A family of numerical optimization algorithms for black-box problems which iteratively update a search distribution by using an estimated gradient on its distribution parameters.

The core idea is to use search gradients to update parameters where the search gradient is the sampled gradient of expected fitness. Let $\theta$ be the parameters of the search distribution $\pi(x|\theta)$ and $f(x)$ the fitness function evaluated at $x$. The objective is to maximize the expected fitness under the distribution.

$$ J(\theta) = \mathbb{E}_{\theta}[f(x)] = \int f(x) \ \pi(x | \theta) \ dx $$

The gradient can be written as:

$$ \nabla_{\theta} J(\theta) = \mathbb{E}_{\theta}[f(z) \ \nabla_{\theta} \ log \ \pi(z|\theta)] $$

The Monte Carlo estimate from samples $z_1, ..., z_{\lambda}$ as:

$$ \nabla_{\theta} J(\theta) \approx \frac{1}{\lambda} \sum_{k=1}^{\lambda} f(z_k) \ \nabla_{\theta} \ log \ \pi(z_k | \theta) $$

The parameters are then updated with a standard ascent scheme:

$$ \theta \leftarrow \theta + \eta \nabla_{\theta} J(\theta) $$

The natural gradient accounts for uncertainty in the second order updates by removing the dependence on parameterization by instead relying on the KL divergence between probability distributions where the Fisher information matrix defines the local curvature in distribution space.

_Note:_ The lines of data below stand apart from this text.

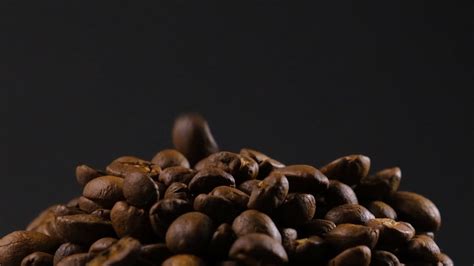 Slow motion of roasted coffee beans falling. Organic coffee seeds. 10192663 Stock Video at Vecteezy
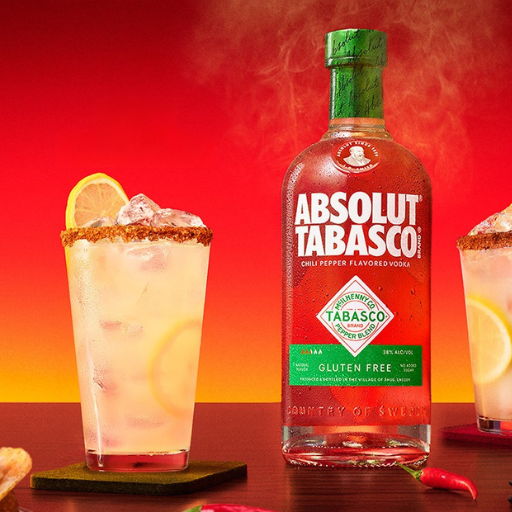 Bottle of Absolut Tabasco with cocktails and chili peppers on a colorful background.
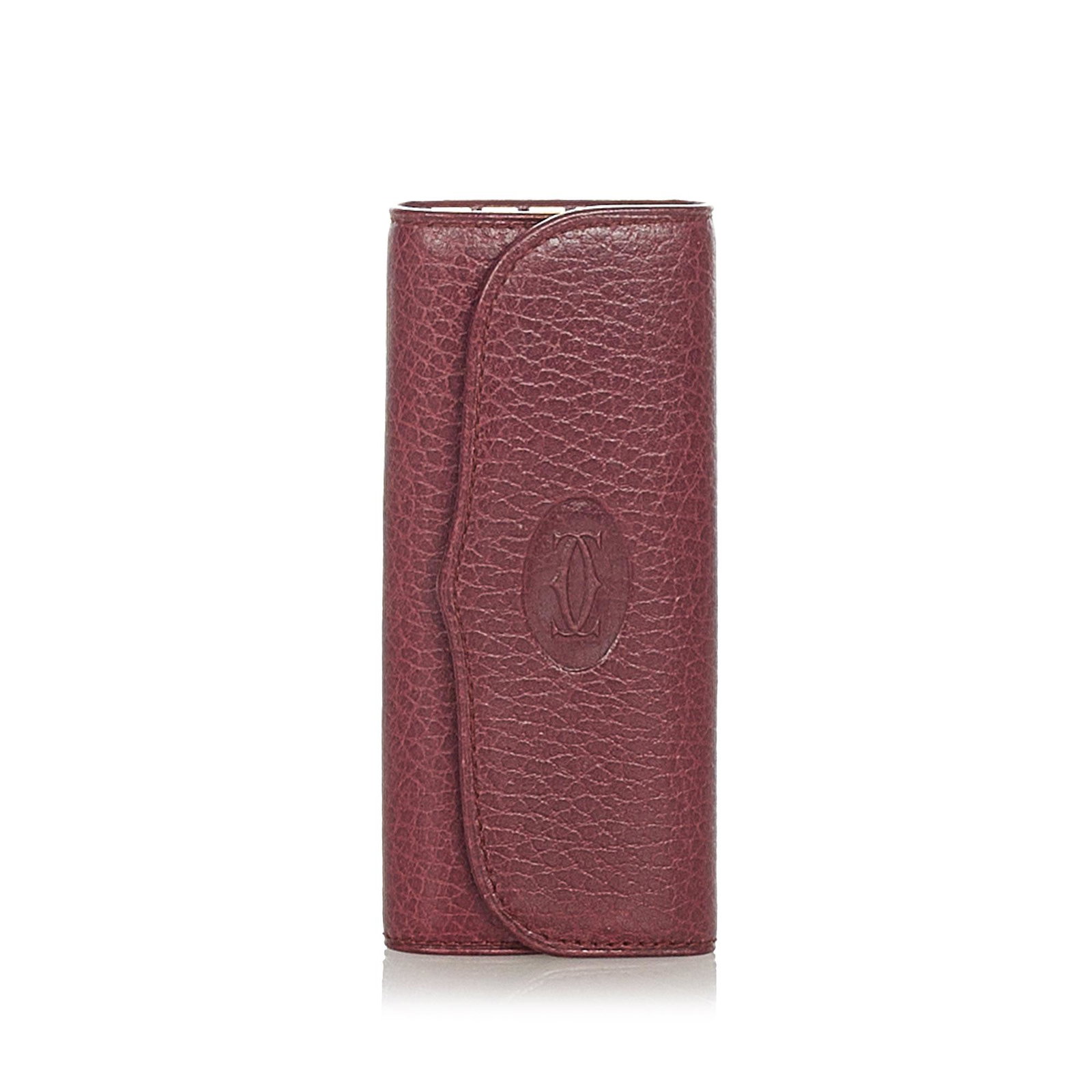 Authentic Must De Cartier Leather Key Holder: This item qualifies for FREE DOMESTIC SHIPPING to customers in the USA This key holder features a leather body a front flap with snap button closure and gold-tone key holders. Brand: Cartier Model: Mu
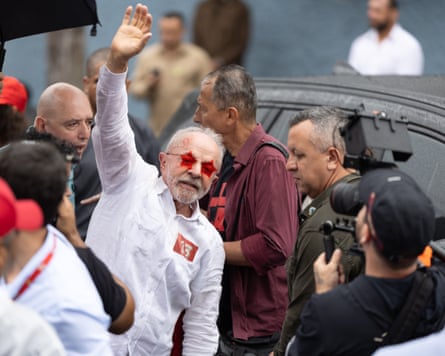 Brazilian President and presidential candidate Luiz Inácio Lula da Silva greets supporters after casting his ballot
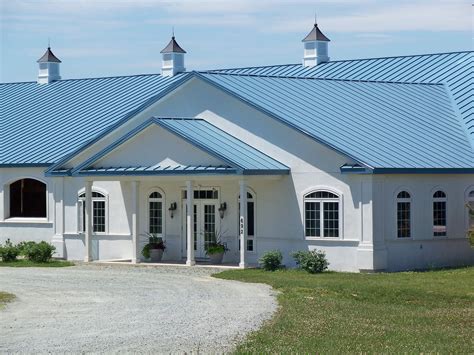 blue house with gray metal roof|houses with blue shingle roofs.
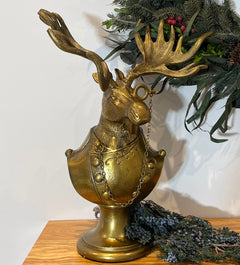 Eugene the Moose Bronze Bust in uniform sporting a monocle with his large antlers and sombre expression. He is a friendly, refined character who brings the charm and whimsical elegance of a storybook into your home.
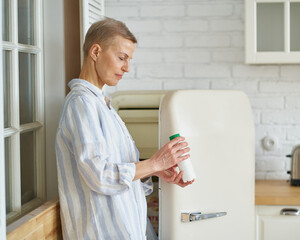 Beautiful senior woman wearing glasses looking at bottle with yogurt, check shelf life and ingridients of product in kitchen near opened refrigerator. Mature people and healthy eating concept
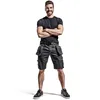 A man wearing work shorts and a t-shirt, standing with his arms crossed. Produktbild-Vorschau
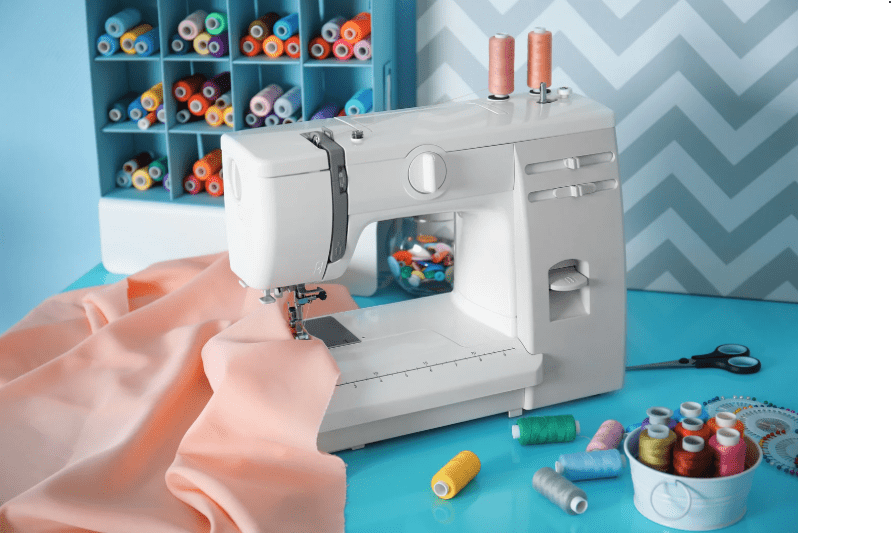 Beginner Sewing Machine Gardenfrontier Beginner friendly sewing machine with fabric thread scissors and sewing accessories on a table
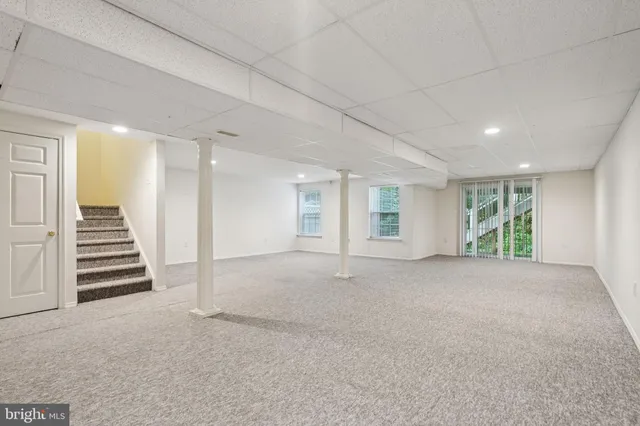 a view of an empty room with wooden floor and stairs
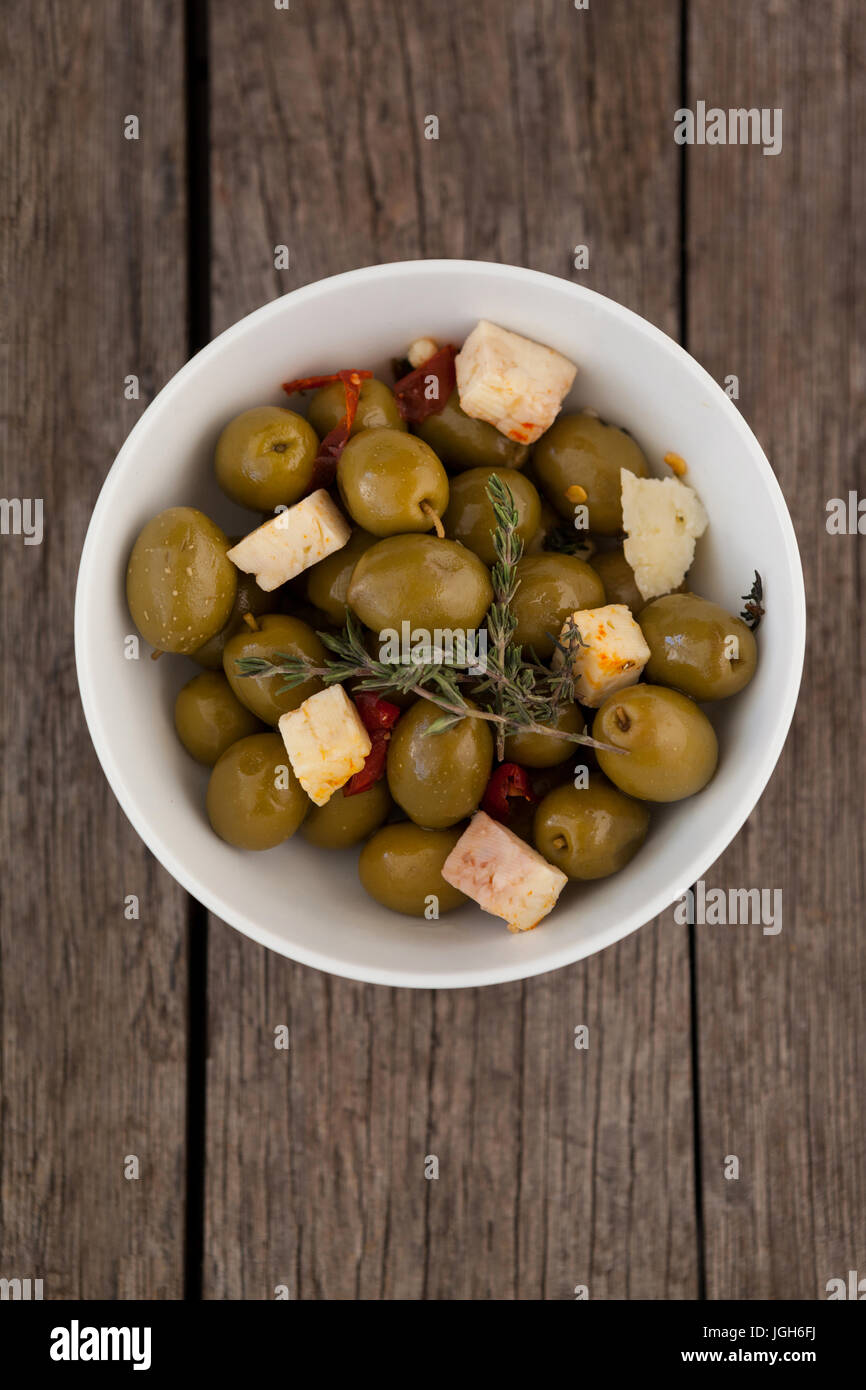Direttamente al di sopra di shot per le olive con formaggio servita nella ciotola sul tavolo di legno Foto Stock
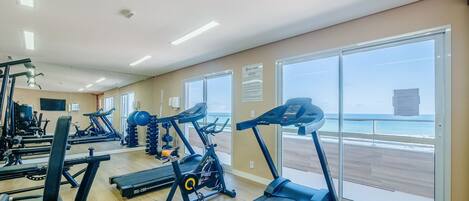A gym with treadmills, exercise bikes, and weight machines.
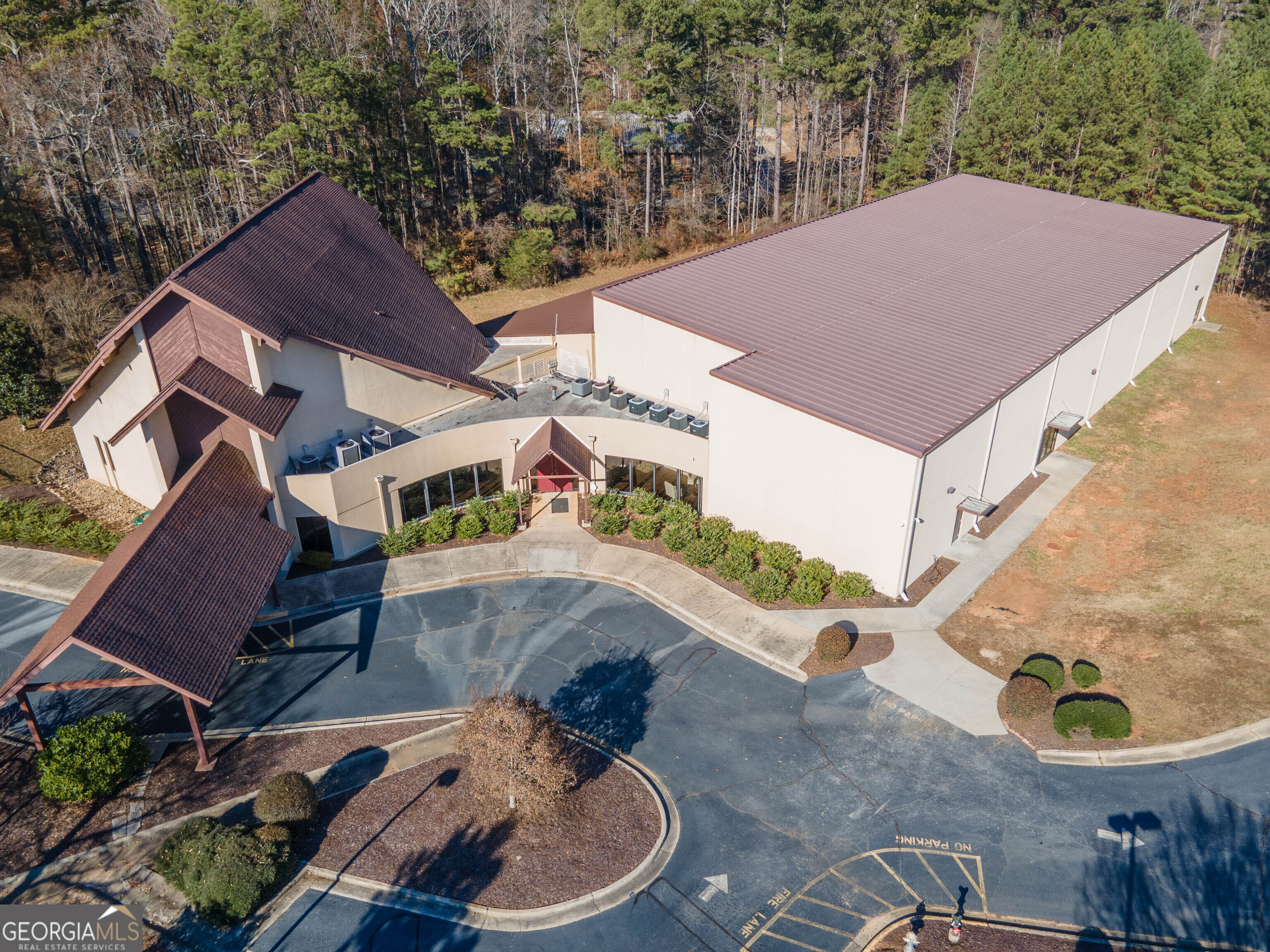 EXTRAORDINARY OPPORTUNITY!  Situated on 18.15 acres this property has been a cornerstone of the community for over 50 years as the Covenant Presdyterian Church of Georgia.  This expansive campus offers a beautiful Church, the rich-detailed sanctuary with balcony, offers seating for over 315 persons, multiple offices, class rooms, baths, kitchens, full finished basement, gym with commercial kitchen encompassing over 20,000 sq. ft. Additionally; there is a  separate mid-century brick ranch, parsonage-home with 3100 sq. ft.,  full basement, in ground pool and lakefrontage.  A covered pavilion with seating for 130+ people, his & hers bath facilities and loads of storage. Tons of parking, childrens playground and a ball field!  This property is perfect for a church, school or community center!  PLEASE DO NOT GO TO THE PROPERTY WITHOUT THE LISTING AGENT. LISTING AGENT MUST BE PRESENT FOR ALL APPOINTMENTS!  Any offers should be in ONE PDF  and accompanied by Proof of Funds. For Additional Information call Dave.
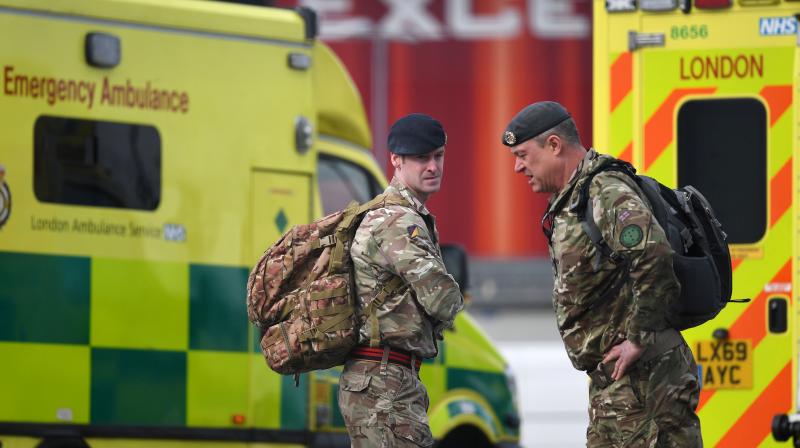 Members of Britains armed forces stand by London Ambulances in a car park at the ExCeL London exhibition centre in London. AFP Photo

\begin{align} F &= \int \pi(z|\theta) \ \nabla_{\theta} \ log \ \pi(z|\theta) \ \nabla_{\theta} \ log \ \pi(z|\theta)^{\top} dz \\ &\approx \frac{1}{\lambda} \sum_{k=1}^{\lambda} \nabla_{\theta} \ log \ \pi(z_k|\theta) \ \nabla_{\theta} \ log \ \pi(z_k|\theta)^{\top} \end{align}

The ascent scheme then becomes:

$$ \theta \leftarrow \theta + \eta F^{-1} \nabla_{\theta} J(\theta) $$